On an astronomical level, supermassive black holes are intrinsically linked with the evolution of the galaxies they inhabit, but how they form and evolve together is another outstanding mystery.

Supermassive black holes are also the purveyors of creation and doom – they have the power to kick-start star formation as well as preventing stars from forming at all – a dichotomy that astronomers hope to use the EHT to understand.

“These incredibly massive things lie at the centers of galaxies and rule their fates,” said Broderick. “Supermassive black holes are the engines behind active galactic nuclei and distant quasars, the most energetic objects known. Now we’re seeing what they look like, up close, for the first time.”

All galaxies are thought to contain a supermassive black hole, including our own galaxy, the Milky Way. Called Sagittarius A* (or Sgr A*), our supermassive black hole is 2,000 times less massive than the one in M87, but it’s 2,000 times closer – at a distance of 25,000 light-years. This means that the EHT can image both Sgr A* and M87 as they appear approximately the same size in the sky, a situation that is an incredible stroke of luck.

“If you had to choose two sources, these two would be it,” said Broderick. Whereas M87’s supermassive black hole is one of the biggest known and a “real mover and shaker,” Sgr A* is much less massive and considered to be an “everyman of black holes,” he said.

“We had to start somewhere. M87 represents the first end-to-end exercise of the entire EHT collaboration – from data taking to data interpretation,” said Broderick. “The next exercise will happen considerably faster. This is only the beginning.”

Voyage of Discovery

As the scientific benefits of observing supermassive black holes are becoming clear, Broderick pointed out that the impact on society could also be seismic.

“I would hope that an image like this will galvanize a sense of exploration; an exploration of the mind and that of the universe,” he said. “If we can excite people, inspire them to embark on a voyage of discovery in this new EHT era of observational black hole physics, I can only imagine that it will have profound consequences for humanity moving forward.
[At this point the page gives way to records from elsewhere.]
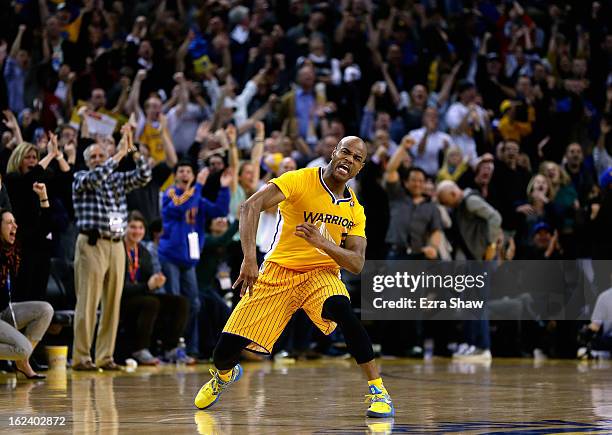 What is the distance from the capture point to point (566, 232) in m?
16.8

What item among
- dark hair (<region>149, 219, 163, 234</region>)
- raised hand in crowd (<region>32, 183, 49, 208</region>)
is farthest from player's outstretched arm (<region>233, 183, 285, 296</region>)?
dark hair (<region>149, 219, 163, 234</region>)

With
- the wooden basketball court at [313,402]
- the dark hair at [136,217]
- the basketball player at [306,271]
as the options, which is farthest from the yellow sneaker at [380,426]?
the dark hair at [136,217]

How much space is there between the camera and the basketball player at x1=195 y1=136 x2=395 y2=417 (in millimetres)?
8078

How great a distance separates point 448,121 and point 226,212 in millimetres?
6003

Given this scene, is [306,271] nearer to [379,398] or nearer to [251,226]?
[251,226]

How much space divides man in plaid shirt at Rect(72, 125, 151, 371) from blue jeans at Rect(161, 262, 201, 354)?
1538 mm

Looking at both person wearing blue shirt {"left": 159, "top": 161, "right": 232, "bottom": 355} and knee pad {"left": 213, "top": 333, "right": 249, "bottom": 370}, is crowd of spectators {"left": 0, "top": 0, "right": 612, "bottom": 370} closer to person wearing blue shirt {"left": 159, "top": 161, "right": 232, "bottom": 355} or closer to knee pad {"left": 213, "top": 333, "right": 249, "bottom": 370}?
person wearing blue shirt {"left": 159, "top": 161, "right": 232, "bottom": 355}

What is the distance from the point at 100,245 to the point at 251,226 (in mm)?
5050

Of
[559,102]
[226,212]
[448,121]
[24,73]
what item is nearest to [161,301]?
[226,212]

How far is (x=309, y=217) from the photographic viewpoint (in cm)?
832

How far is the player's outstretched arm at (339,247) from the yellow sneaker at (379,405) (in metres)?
0.86

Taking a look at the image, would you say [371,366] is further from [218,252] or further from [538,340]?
[538,340]

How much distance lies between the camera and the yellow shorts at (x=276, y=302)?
8.22m

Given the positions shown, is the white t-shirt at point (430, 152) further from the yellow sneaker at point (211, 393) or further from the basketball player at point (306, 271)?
the yellow sneaker at point (211, 393) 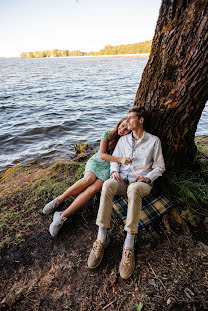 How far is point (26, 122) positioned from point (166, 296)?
8.99 meters

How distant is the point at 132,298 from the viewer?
1.96 metres

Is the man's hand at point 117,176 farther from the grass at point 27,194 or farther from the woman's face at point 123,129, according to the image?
the grass at point 27,194

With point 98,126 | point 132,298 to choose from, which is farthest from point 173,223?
point 98,126

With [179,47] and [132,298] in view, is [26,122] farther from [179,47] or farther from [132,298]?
[132,298]

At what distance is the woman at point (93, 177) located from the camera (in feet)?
9.68

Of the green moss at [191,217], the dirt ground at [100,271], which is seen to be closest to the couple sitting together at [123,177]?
the dirt ground at [100,271]

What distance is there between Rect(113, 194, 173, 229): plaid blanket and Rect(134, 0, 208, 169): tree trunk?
0.67 meters

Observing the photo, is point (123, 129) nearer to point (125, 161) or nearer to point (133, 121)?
point (133, 121)

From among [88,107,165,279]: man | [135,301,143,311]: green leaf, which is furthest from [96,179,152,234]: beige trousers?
[135,301,143,311]: green leaf

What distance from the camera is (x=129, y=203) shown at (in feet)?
8.09

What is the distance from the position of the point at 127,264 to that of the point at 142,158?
143 cm

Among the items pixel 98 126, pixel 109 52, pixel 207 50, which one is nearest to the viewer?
pixel 207 50

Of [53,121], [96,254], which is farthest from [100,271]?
[53,121]

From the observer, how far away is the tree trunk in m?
2.29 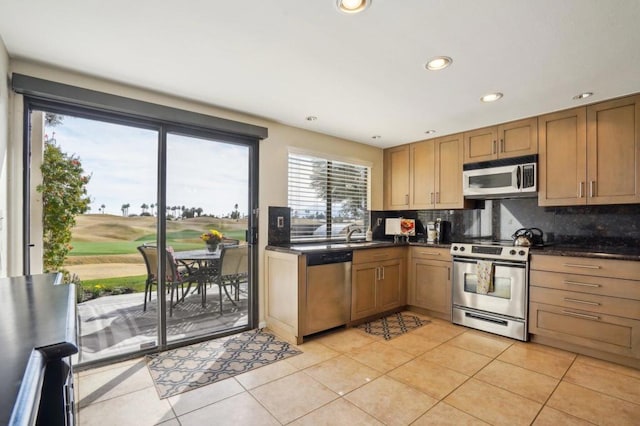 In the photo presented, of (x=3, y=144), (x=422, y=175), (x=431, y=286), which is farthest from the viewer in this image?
(x=422, y=175)

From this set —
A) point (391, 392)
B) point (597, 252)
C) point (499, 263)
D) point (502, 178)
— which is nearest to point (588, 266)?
point (597, 252)

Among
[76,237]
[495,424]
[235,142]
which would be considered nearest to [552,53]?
[495,424]

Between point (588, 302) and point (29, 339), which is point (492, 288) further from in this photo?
point (29, 339)

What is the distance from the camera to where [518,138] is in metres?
3.40

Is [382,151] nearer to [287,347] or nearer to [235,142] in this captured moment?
[235,142]

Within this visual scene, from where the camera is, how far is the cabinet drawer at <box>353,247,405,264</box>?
3.52m

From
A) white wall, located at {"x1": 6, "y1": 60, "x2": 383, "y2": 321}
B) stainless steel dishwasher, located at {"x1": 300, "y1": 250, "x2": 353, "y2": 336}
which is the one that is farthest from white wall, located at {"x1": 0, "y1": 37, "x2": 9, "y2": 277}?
stainless steel dishwasher, located at {"x1": 300, "y1": 250, "x2": 353, "y2": 336}

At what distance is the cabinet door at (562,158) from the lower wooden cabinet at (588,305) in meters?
0.66

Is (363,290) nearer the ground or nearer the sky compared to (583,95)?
nearer the ground

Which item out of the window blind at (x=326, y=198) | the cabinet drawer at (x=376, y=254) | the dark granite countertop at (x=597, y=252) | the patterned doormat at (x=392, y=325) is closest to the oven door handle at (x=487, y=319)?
the patterned doormat at (x=392, y=325)

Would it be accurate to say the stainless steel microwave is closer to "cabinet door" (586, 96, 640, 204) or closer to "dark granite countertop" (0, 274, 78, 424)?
"cabinet door" (586, 96, 640, 204)

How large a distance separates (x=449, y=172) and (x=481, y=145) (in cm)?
48

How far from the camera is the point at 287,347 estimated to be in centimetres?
294

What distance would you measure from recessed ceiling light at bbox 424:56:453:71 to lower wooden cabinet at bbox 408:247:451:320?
220 centimetres
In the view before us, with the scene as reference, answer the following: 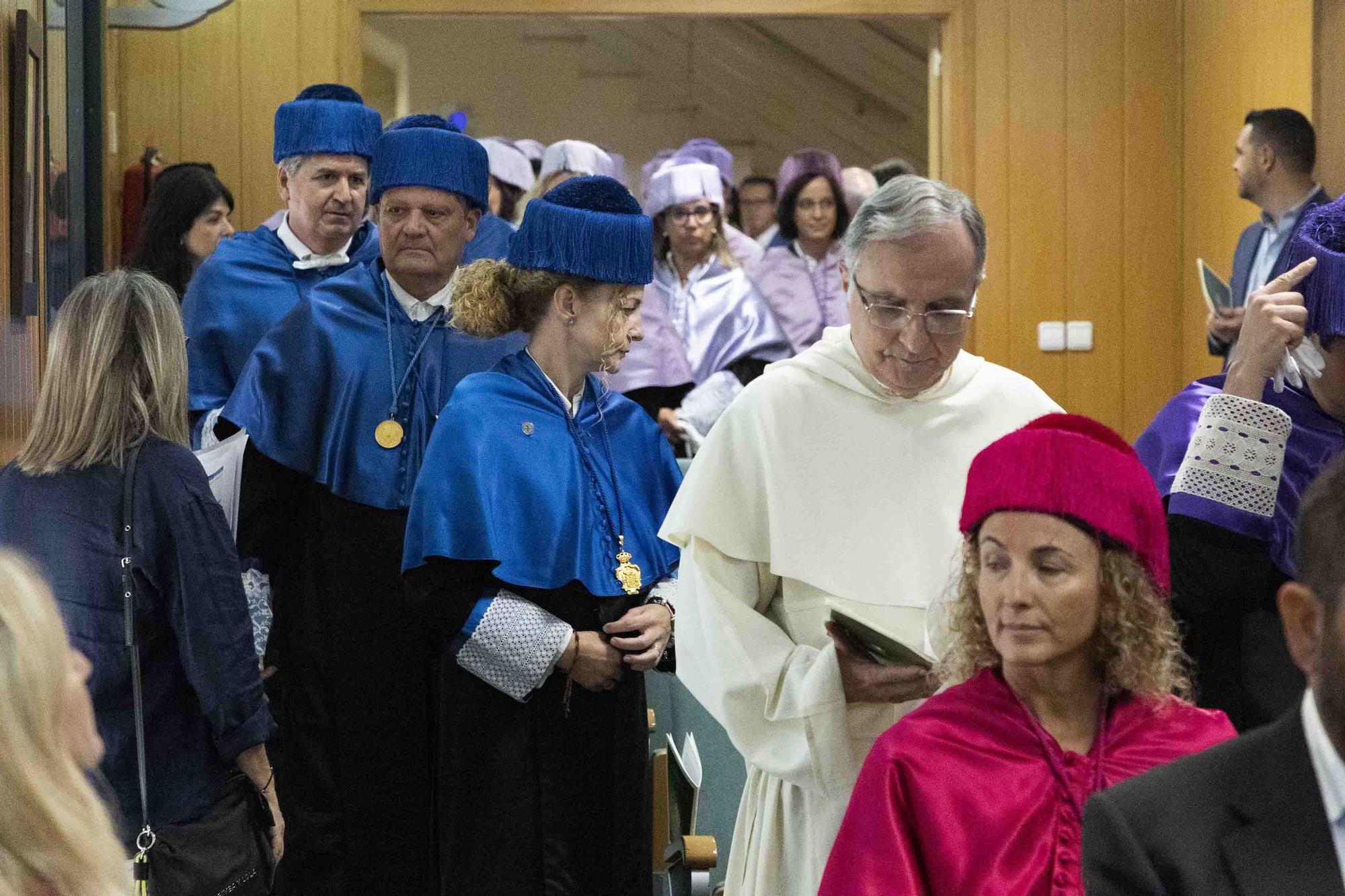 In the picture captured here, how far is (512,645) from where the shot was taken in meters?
2.95

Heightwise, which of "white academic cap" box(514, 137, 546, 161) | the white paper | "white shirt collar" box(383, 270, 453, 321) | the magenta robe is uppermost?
"white academic cap" box(514, 137, 546, 161)

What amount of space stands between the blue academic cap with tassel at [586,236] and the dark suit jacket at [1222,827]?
5.90ft

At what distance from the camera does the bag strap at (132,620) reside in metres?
2.89

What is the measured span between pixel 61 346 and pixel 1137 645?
6.11 ft

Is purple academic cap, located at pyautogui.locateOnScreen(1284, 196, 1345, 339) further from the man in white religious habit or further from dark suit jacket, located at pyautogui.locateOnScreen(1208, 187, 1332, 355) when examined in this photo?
dark suit jacket, located at pyautogui.locateOnScreen(1208, 187, 1332, 355)

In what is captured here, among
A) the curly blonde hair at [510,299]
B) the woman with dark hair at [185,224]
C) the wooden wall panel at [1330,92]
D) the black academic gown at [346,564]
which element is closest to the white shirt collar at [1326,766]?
the curly blonde hair at [510,299]

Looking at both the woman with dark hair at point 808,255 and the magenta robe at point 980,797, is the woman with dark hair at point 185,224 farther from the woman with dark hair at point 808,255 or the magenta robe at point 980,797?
the magenta robe at point 980,797

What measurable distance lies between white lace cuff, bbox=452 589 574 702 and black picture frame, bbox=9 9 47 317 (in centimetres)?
174

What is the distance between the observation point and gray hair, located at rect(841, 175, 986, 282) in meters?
2.55

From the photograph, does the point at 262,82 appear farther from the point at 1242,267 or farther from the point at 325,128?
the point at 1242,267

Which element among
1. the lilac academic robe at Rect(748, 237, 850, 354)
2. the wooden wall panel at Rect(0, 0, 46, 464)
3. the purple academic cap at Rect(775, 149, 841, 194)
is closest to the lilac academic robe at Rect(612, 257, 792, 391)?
the lilac academic robe at Rect(748, 237, 850, 354)

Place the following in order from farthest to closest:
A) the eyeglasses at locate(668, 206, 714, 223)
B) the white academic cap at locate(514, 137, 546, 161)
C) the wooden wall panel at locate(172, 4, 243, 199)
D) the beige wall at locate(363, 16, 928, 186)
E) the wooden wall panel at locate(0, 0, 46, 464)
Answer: the beige wall at locate(363, 16, 928, 186)
the white academic cap at locate(514, 137, 546, 161)
the wooden wall panel at locate(172, 4, 243, 199)
the eyeglasses at locate(668, 206, 714, 223)
the wooden wall panel at locate(0, 0, 46, 464)

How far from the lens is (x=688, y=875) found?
3357 mm

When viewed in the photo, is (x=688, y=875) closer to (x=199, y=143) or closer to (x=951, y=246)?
(x=951, y=246) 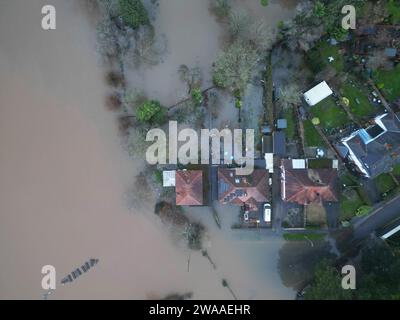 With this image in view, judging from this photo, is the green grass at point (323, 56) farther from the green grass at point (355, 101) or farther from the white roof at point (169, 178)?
the white roof at point (169, 178)

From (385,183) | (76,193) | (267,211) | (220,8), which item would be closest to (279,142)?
(267,211)

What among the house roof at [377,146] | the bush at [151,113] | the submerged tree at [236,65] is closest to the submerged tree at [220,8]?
the submerged tree at [236,65]

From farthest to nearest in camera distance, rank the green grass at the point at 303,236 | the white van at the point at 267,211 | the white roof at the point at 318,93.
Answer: the green grass at the point at 303,236, the white van at the point at 267,211, the white roof at the point at 318,93

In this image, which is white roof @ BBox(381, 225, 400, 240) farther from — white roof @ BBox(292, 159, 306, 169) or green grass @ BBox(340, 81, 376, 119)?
green grass @ BBox(340, 81, 376, 119)

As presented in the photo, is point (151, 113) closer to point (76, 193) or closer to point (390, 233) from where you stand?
point (76, 193)

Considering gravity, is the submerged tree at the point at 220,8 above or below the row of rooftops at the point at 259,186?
above

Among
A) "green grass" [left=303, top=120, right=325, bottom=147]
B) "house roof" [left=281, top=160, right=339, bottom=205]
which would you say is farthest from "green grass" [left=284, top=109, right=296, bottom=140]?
"house roof" [left=281, top=160, right=339, bottom=205] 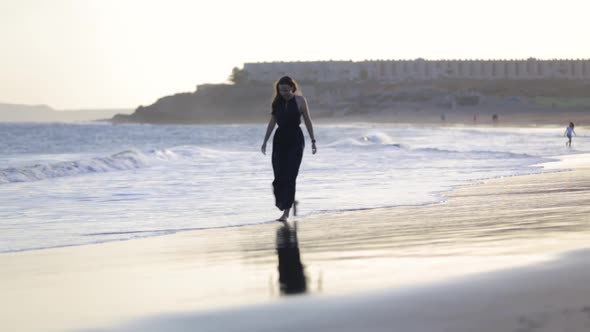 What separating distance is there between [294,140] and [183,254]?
276 cm

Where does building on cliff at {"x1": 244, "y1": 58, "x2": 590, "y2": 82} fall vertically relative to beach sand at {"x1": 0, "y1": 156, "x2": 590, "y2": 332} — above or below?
above

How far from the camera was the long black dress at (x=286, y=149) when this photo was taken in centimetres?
894

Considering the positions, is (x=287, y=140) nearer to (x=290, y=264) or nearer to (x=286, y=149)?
(x=286, y=149)

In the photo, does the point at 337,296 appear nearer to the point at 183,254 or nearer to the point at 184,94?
the point at 183,254

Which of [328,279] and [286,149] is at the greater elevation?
[286,149]

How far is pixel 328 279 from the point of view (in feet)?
16.3

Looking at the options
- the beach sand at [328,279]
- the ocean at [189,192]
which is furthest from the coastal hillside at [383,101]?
the beach sand at [328,279]

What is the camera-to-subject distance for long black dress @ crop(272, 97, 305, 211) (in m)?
8.94

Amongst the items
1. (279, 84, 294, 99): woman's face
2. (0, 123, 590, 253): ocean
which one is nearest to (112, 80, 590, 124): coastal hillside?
(0, 123, 590, 253): ocean

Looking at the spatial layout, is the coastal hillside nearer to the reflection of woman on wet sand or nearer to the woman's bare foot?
the woman's bare foot

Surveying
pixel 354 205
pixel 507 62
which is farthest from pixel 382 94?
pixel 354 205

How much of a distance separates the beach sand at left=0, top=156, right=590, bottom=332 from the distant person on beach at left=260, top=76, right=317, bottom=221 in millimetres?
779

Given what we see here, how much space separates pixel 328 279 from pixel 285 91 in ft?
13.5

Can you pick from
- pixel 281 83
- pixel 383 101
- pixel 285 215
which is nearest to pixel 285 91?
pixel 281 83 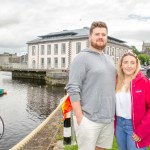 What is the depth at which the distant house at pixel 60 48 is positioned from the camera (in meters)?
59.2

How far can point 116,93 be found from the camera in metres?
3.77

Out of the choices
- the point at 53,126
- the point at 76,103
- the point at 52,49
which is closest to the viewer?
the point at 76,103

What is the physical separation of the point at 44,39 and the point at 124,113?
6402 centimetres

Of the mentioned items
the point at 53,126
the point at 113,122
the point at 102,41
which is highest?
the point at 102,41

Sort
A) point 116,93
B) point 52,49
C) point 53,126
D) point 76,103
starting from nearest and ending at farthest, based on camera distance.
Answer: point 76,103, point 116,93, point 53,126, point 52,49

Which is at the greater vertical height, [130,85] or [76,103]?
[130,85]

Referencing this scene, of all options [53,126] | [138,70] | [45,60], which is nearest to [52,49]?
[45,60]

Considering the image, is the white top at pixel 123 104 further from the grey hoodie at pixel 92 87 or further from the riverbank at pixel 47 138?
the riverbank at pixel 47 138

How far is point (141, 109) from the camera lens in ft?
11.8

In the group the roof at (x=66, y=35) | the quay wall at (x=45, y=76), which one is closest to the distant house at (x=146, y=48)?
the roof at (x=66, y=35)

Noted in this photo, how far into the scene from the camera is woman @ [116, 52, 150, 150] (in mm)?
3578

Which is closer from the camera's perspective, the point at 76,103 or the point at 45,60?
the point at 76,103

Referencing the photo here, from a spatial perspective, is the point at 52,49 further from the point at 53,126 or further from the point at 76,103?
the point at 76,103

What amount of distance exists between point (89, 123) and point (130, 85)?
76cm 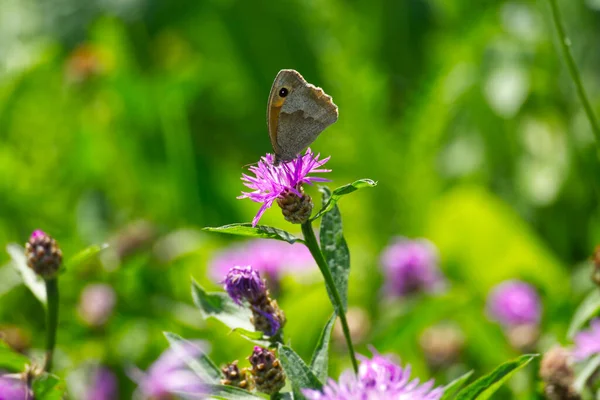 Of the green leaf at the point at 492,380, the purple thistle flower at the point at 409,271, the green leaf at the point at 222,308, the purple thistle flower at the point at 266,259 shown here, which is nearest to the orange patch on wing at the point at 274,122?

“I feel incredibly privileged to be a part of this story of exploration – the human story of understanding the universe we inhabit and using that understanding to improve our lives.”

Read more: “First image of black hole captured,” Univ. of Waterloo, by Ian O’Neill

This Is the First Image of a Black Hole

The image is the result of a global collaboration and human ingenuity — a discovery that will change our perception of the universe forever

[EHT Collaboration]

Lurking in the massive elliptical galaxy Messier 87 is a monster. It’s a supermassive black hole, 6.5 billion times the mass of our Sun, crammed inside an event horizon measuring half a light-day across. It’s very far away, over 50 million light-years, but, today, astronomers of the Event Horizon Telescope (EHT) have delivered on a promise that has been two decades in the making: They’ve recorded the first ever image of the bright ring of emissions immediately surrounding M87’s event horizon, the point at which our universe ends and only mystery lies beyond.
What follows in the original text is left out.